Saved entries:
• • • •

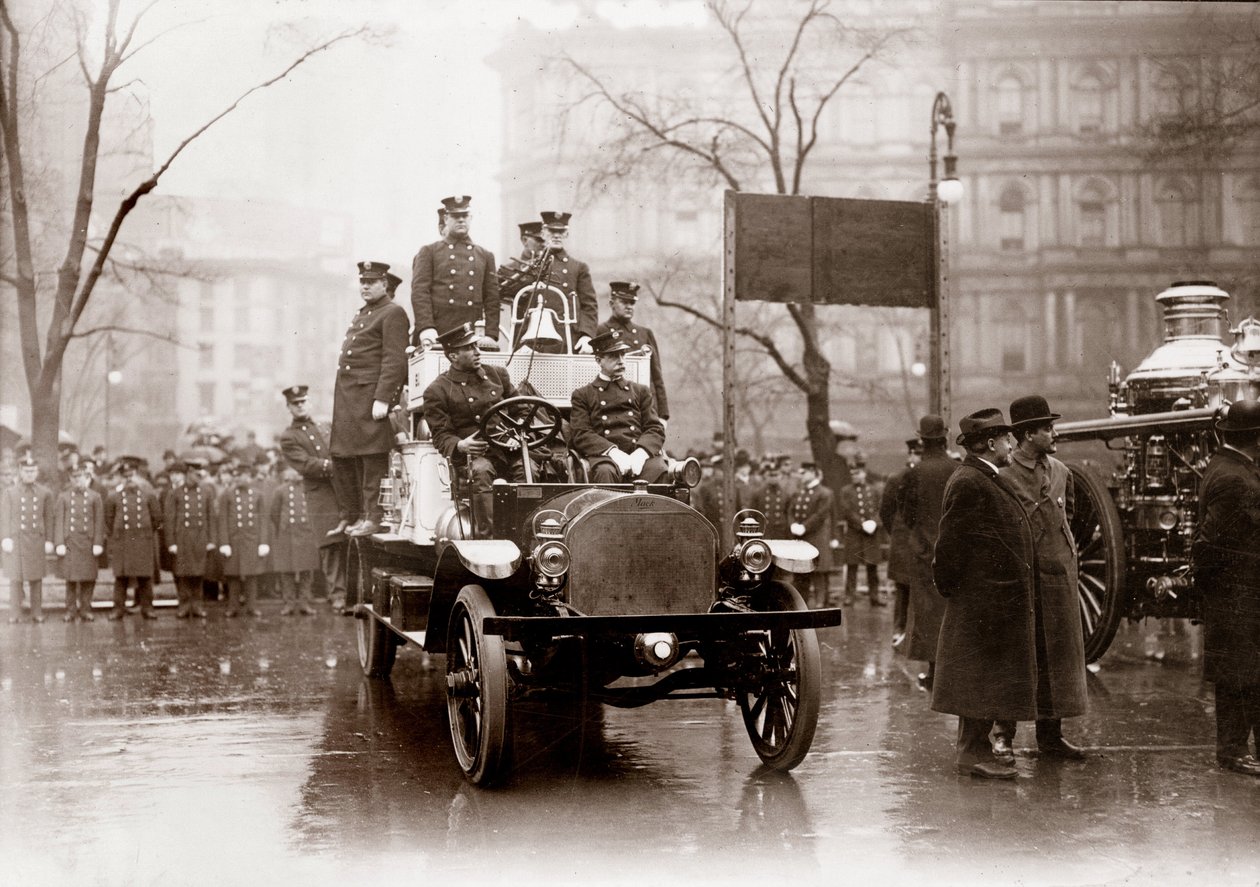 Feuerwehren mit neuen Feuerlöschpumpen und Fahrzeug, New York 1913. Fotografie von Unknown photographer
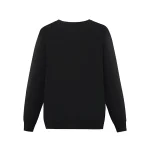 Schwarzer Herrenpullover aus weichem Material, ideal für den Alltag. Klassischer Schnitt, bequem und vielseitig kombinierbar. Perfekt für kühle Tage.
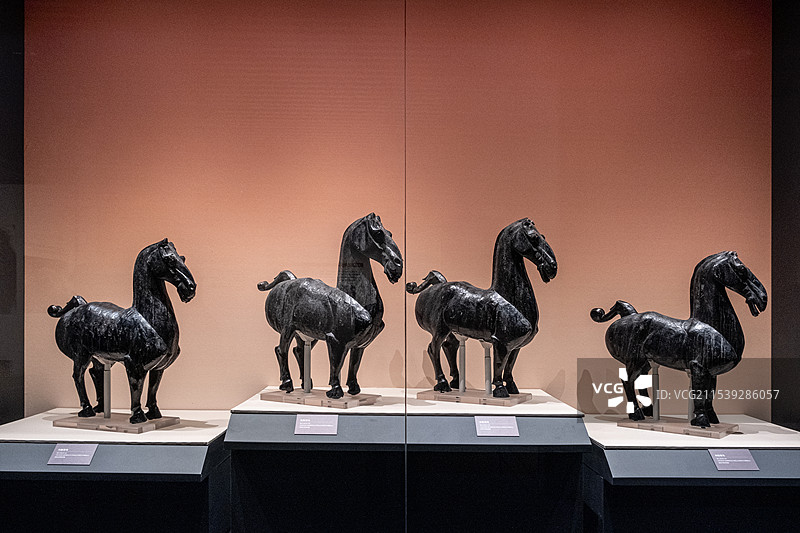 四川成都四川博物院雄关古道经纬中华大蜀道上的天地人与中国精神特展西汉木胎漆马图片素材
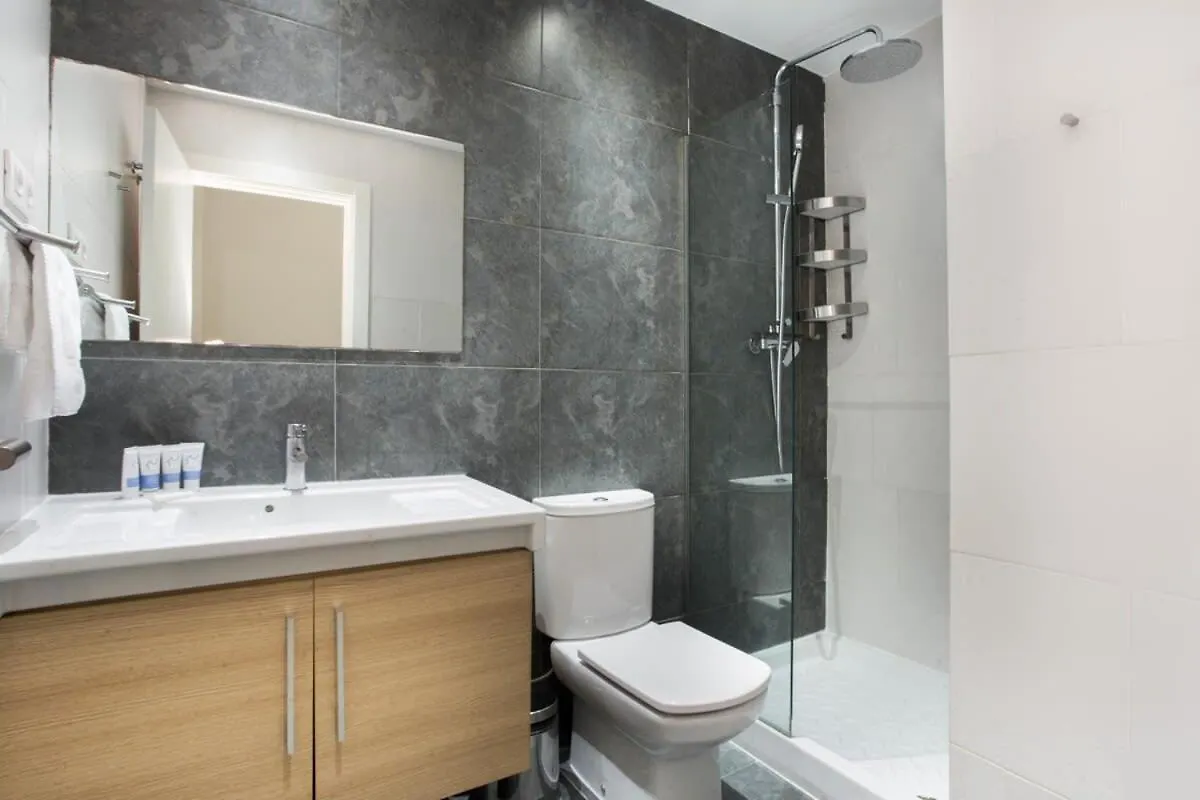 Bright And Modern 2Bedroom In Las Ramblas 2 1A Barcelona Apartment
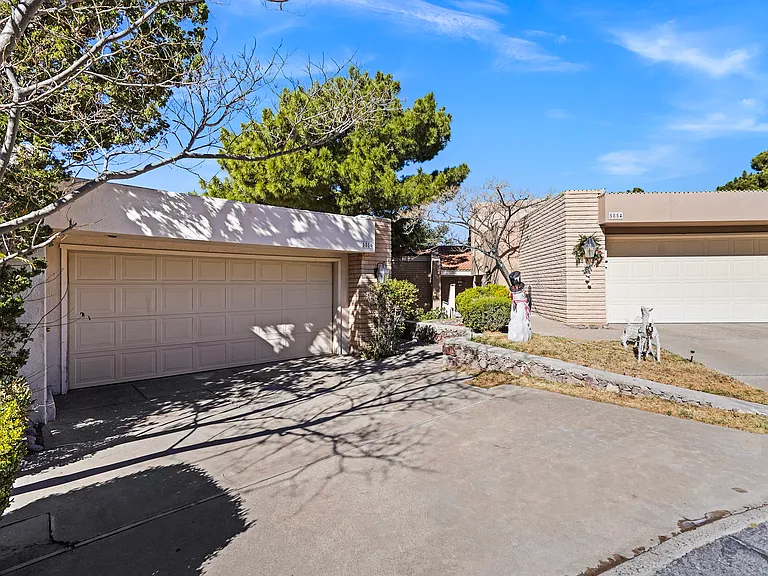 5856 Mira Serena Dr — Photo 31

• • • •

▶ _What this task involves_: Your answer must be a verbatim copy of the entries above, with no images included.

▶ _Output of the exercise_:
 Feuerwehren mit neuen Feuerlöschpumpen und Fahrzeug, New York 1913. Fotografie von Unknown photographer
 Schwarzer Herrenpullover aus weichem Material, ideal für den Alltag. Klassischer Schnitt, bequem und vielseitig kombinierbar. Perfekt für kühle Tage.
 四川成都四川博物院雄关古道经纬中华大蜀道上的天地人与中国精神特展西汉木胎漆马图片素材
 Bright And Modern 2Bedroom In Las Ramblas 2 1A Barcelona Apartment
 5856 Mira Serena Dr — Photo 31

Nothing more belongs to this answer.